By Way of Captivity
by Shelley W. Stout
A writer's inspiration happens by chance, when unexpected events arouse and stir the imagination. On a summer trip with my sister to a rural Georgia town, the personal account of a Persian Gulf War soldier inspired me in ways I never would have predicted.
Not far from Atlanta is a historical site unlike any other—the National Prisoner of War Museum. In Andersonville, Georgia, this museum, cemetery, and the adjacent park are dedicated to those men and women of The United States armed forces who served in all wars and were held against their will. During the Civil War, more than 45,000 Union soldiers were confined at the Andersonville POW camp, and nearly 13,000 of them died from over-crowding, exposure, and abominable sanitary conditions.
When my sister and I began our journey from Charlotte, the roads were damp from a summer rainstorm. Dense humidity hung in the air. We drove for eight hours through parts of South Carolina and Georgia, on highways lined with crepe myrtles and produce stands selling everything from Vidalia onions to bottled honey mustard dressing.

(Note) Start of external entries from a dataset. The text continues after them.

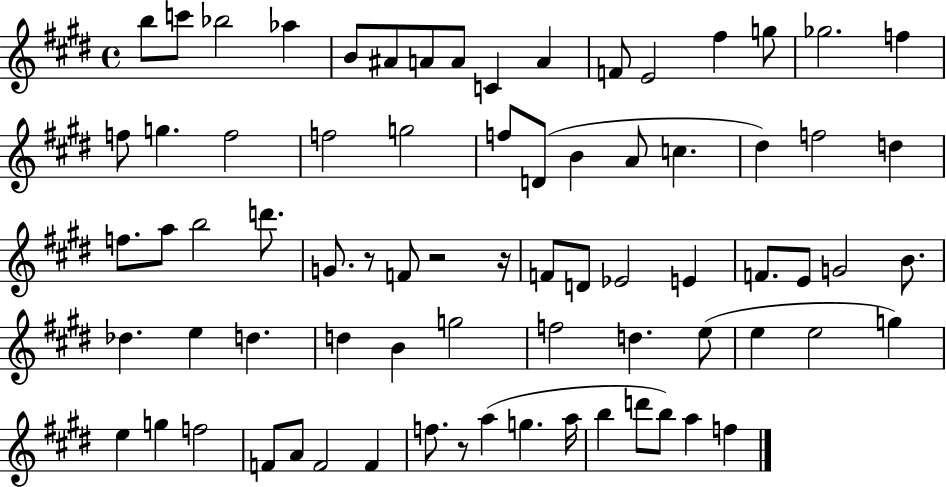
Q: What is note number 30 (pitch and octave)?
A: F5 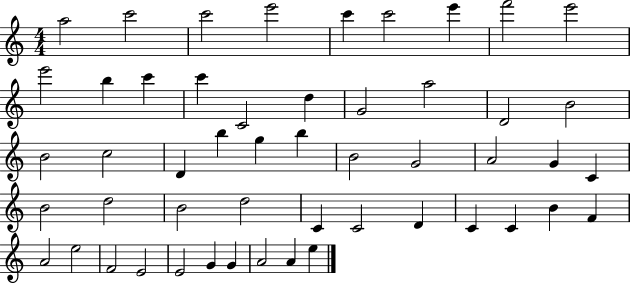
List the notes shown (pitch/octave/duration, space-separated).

A5/h C6/h C6/h E6/h C6/q C6/h E6/q F6/h E6/h E6/h B5/q C6/q C6/q C4/h D5/q G4/h A5/h D4/h B4/h B4/h C5/h D4/q B5/q G5/q B5/q B4/h G4/h A4/h G4/q C4/q B4/h D5/h B4/h D5/h C4/q C4/h D4/q C4/q C4/q B4/q F4/q A4/h E5/h F4/h E4/h E4/h G4/q G4/q A4/h A4/q E5/q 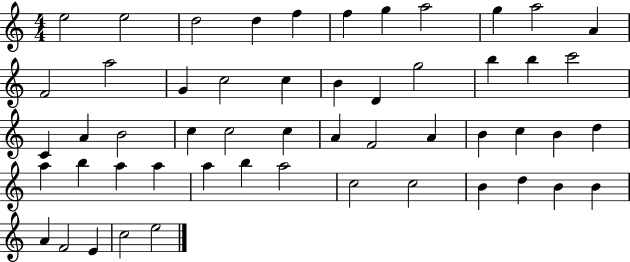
X:1
T:Untitled
M:4/4
L:1/4
K:C
e2 e2 d2 d f f g a2 g a2 A F2 a2 G c2 c B D g2 b b c'2 C A B2 c c2 c A F2 A B c B d a b a a a b a2 c2 c2 B d B B A F2 E c2 e2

Arriving at the museum, we first toured the grounds. The cemetery acreage stretched before us spiked with countless rows of perfectly spaced graves, like teeth in an expansive jaw.
Inside the museum, I found glass display cases, wall murals, and exhibits; including kiosks with informative videos of individual POW's detailed accounts. A particular soldier recounted his experience during the Persian Gulf War. He had been captured in February 1991, in northern Kuwait during his 30th mission. Throughout his months of solitude, he began a mental journey. Undistracted, he was powerless to prevent the flood of childhood and adolescent recollections. He remembered details of his school classrooms and the names of each one of his schoolmates. Remarkable and sometimes disquieting memories inundated his consciousness. He realized the human brain is a storehouse of every moment ever spent—awake or asleep.

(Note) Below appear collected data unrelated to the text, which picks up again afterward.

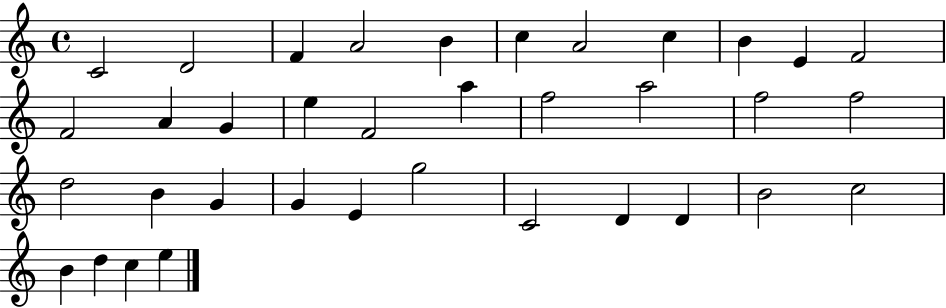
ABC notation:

X:1
T:Untitled
M:4/4
L:1/4
K:C
C2 D2 F A2 B c A2 c B E F2 F2 A G e F2 a f2 a2 f2 f2 d2 B G G E g2 C2 D D B2 c2 B d c e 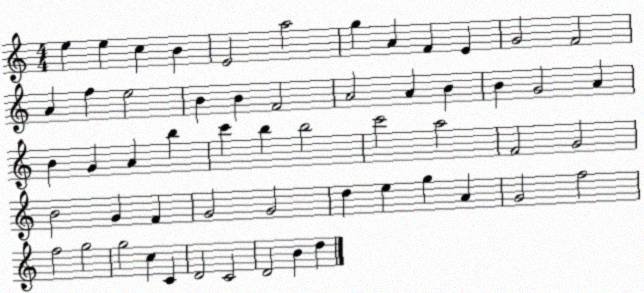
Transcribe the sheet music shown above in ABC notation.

X:1
T:Untitled
M:4/4
L:1/4
K:C
e e c B E2 a2 g A F E G2 F2 A f e2 B B F2 A2 A B B G2 A B G A b c' b b2 c'2 a2 F2 G2 B2 G F G2 G2 d e g A G2 f2 f2 g2 g2 c C D2 C2 D2 B d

I sat in front of the monitor, unable to imagine silencing the distractions of my everyday life. As a wife and working mother, I found that my days were already so full, it would have been impossible.
But the idea that my brain somehow held on to every shred of every event; the sorrows, the joys, the insignificant and the grand, excited me. I would simply need a way of extracting it—a way to turn off the distractions.

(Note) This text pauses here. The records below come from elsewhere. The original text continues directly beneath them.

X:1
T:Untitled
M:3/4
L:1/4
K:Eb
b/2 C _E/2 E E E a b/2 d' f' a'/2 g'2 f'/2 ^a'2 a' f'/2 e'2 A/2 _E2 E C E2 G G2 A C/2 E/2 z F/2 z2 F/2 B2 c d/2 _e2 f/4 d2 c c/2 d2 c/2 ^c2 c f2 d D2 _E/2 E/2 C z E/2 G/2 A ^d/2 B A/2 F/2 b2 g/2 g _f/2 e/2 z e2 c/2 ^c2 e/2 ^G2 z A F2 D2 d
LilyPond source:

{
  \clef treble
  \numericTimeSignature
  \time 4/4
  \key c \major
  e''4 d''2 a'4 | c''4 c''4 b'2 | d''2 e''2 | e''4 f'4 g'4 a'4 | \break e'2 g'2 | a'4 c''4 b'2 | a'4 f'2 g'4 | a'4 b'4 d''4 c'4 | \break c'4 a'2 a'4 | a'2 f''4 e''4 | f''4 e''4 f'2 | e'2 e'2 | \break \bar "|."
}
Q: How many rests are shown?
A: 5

For several weeks after returning home, I considered my own past, but realized I needed a functional way to assemble the memories. I started by writing simple "chapter headings", as if for my memoirs. I spent weeks focusing on these chapter headings. Some events were deeply personal, and many I had never revealed to anyone. Ultimately, I decided to write them as short stories, each featuring or inspired by a different event.
Some of my memories were of major incidents, and some were only minute occurrences. I recalled memories long ago forgotten—the feel of the soft velvet Christmas skirt my mother had sewn for me; the name of an unusual person I had met only once as a child.
I remembered visiting our grandparents' farm in Johnstown, Ohio, and being trapped with my cousin inside an empty, rusted silo until someone heard us screaming to escape. When I was only six years old my mother was unable to speak for days following thyroid surgery. I relived the fear, when I first saw the surgical scar—her neck had been sliced open from one side to the other.
Inside me was the embarrassment and shame, when in 1967, my siblings and I were virtually the only children of divorce in our school.
Along with the sorrows came the joys. I recalled my first real kiss. The enchantment of holding my newborn babies in my arms and nursing them, the thrill of securing my first job after college graduation. The list of events expanded, and continued to enlarge as I wrote. While writing my first novel, certain events I had put aside and locked away now floated above me, waiting to be snatched down and put on paper.
I found it ironic that the soldier who had inspired me may have wanted to forget the very event that made him remember his life in such detail. Being held against his will was horror enough, but after having survived the ordeal, it too would be an enduring memory, just like everything else that had ever happened to him.
With deepest respect, I am grateful for the inspiration the soldier imparted to me by way of his captivity.
Shelley Stout's fiction has appeared in literary magazines and anthologies. She is the winner of the 2004-05 Elizabeth Simpson Smith Award.